Like Morales, Humala had pledged to punish a political class widely perceived as corrupt and redistribute wealth to his country’s poor Indian and mestizo majority.
But Humala’s message resonated among many other Peruvians – and that could pose a major obstacle to Garcia’s presidency.
Humala’s party won the largest number of seats in Congress in April 9 elections, evidence that Chavez’s anti-American agenda remains influential in Peru. He won in 14 of Peru’s 24 states on Sunday, giving him a power base in the country’s poorest regions that could handcuff Garcia initiatives.
“Ollanta Humala will continue to be a formidable opponent for Garcia,” Lauer said.
Humala (aged 43) has vowed not to let his election loss halt his “grand transformation” of the country.
“We have managed to awaken the Peruvian people’s awareness,” he told supporters at his campaign headquarters. “In only one year we have constructed a movement that changed the political map of the country and created a new political agenda that gives priority to the real problems of most Peruvian families.”
Chavez may continue to try to influence events in Peru, said former US Ambassador to Peru Dennis Jett, who directs the University of Florida’s Latin America studies programme.
“Chavez has no constraints – he has the money, he has the ambition,” Jett said.
“And if imitation is the highest form of flattery, if you can create imitators, then you flatter yourself,” Jet added. “That is, I think, what he’s trying to do: demonstrate his model works not only in Venezuela, but also in Bolivia and, by extension, in Peru and other places.”
Sunday’s runoff vote in South America’s third-largest country comes amid a contest for ideological pre-eminence in Latin America – between moderate-left, market-friendly leaders such as those in Brazil and Chile, and anti-American, populist leftists with authoritarian tendencies such as Venezuela's and Bolivia’s.
The leftward trend largely grew out of disenchantment with free-market capitalism, which mostly failed to reduce poverty in the region.
Colombia’s re-election of President Alvaro Uribe in late May was a big win for conservatism, while Mexican leftist Andres Manuel Lopez Obrador is running neck-and-neck with conservative Felipe Calderon.

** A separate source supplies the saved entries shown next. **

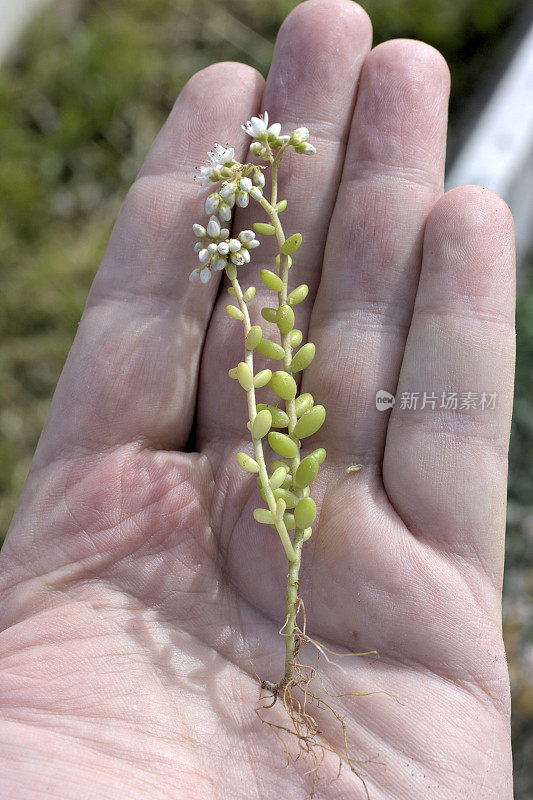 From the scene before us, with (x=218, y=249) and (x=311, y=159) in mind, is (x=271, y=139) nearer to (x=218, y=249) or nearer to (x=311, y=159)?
(x=311, y=159)

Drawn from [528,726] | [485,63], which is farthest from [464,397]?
[485,63]

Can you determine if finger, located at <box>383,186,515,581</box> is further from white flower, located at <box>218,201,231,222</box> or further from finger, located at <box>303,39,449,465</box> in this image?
white flower, located at <box>218,201,231,222</box>

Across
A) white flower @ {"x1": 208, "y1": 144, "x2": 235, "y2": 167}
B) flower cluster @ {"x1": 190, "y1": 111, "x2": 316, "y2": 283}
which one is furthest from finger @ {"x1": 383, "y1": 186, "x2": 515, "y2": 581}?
white flower @ {"x1": 208, "y1": 144, "x2": 235, "y2": 167}

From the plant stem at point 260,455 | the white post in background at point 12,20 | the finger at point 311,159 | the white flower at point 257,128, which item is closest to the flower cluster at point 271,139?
the white flower at point 257,128

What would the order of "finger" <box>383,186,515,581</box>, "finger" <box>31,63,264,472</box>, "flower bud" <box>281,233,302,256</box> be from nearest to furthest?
"finger" <box>383,186,515,581</box> < "flower bud" <box>281,233,302,256</box> < "finger" <box>31,63,264,472</box>

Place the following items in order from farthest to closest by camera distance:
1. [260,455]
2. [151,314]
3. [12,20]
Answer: [12,20] → [151,314] → [260,455]

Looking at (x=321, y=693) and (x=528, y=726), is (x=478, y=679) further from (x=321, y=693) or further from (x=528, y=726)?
(x=528, y=726)

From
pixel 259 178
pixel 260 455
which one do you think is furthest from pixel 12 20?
pixel 260 455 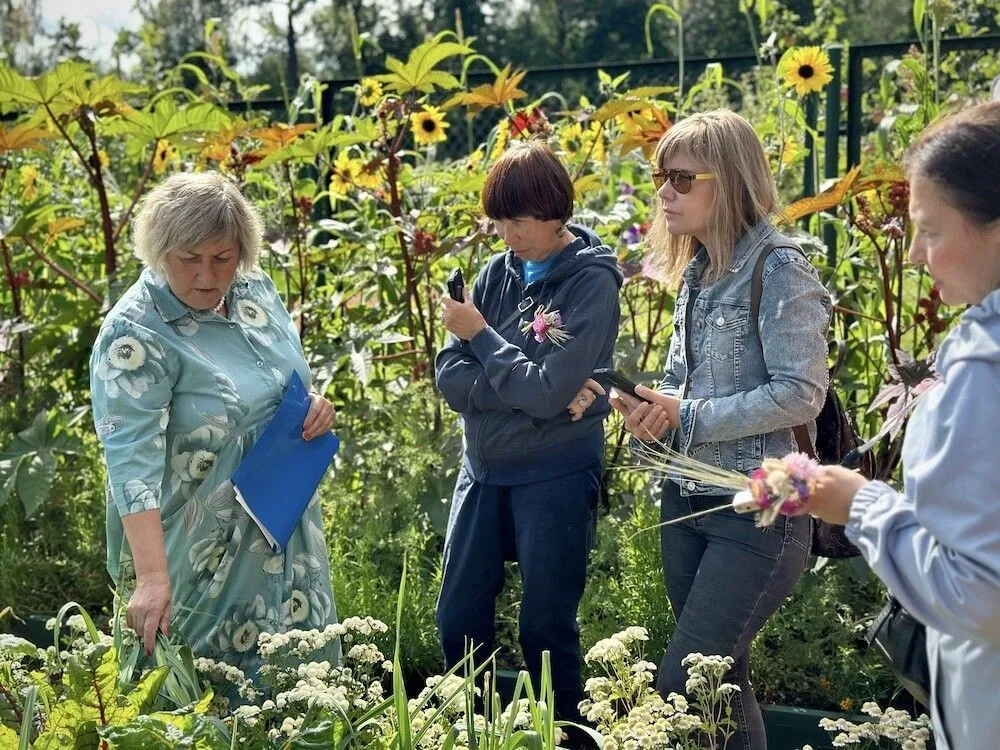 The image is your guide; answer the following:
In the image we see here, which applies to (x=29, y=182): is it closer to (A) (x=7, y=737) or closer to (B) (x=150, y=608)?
(B) (x=150, y=608)

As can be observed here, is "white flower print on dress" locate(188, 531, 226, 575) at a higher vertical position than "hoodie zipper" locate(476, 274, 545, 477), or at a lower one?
lower

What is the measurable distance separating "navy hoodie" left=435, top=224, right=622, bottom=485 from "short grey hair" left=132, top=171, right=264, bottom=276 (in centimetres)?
56

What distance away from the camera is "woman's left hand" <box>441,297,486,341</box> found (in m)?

Chavez thrust himself into the Peru race by enthusiastically endorsing Humala and trading insults with Garcia, calling him “a thief for real, a demagogue, a liar”. Garcia adroitly turned the race into a referendum on the Chavez factor, depicting Humala as an aspiring authoritarian Chavez copycat.
Speaking on Sunday night, Garcia said Chavez “should understand that Peru has told him no to international interference”.
Peru’s outgoing president, Alejandro Toledo, also rallied against the Venezuelan strongman. His government sought hemispheric support yesterday for a formal complaint against Chavez’s “meddling” in the election during a meeting of Organisations of American States foreign ministers in the Dominican Republic.
Articulate, charismatic and strong-willed, Garcia seemed to be looking forward to taking on Chavez in the region’s political arena.
“In Latin America, there was no leader who was confronting Hugo Chavez,” Jorge del Castillo, secretary-general of Garcia’s Aprista Party, said Monday. ”Now there is one.”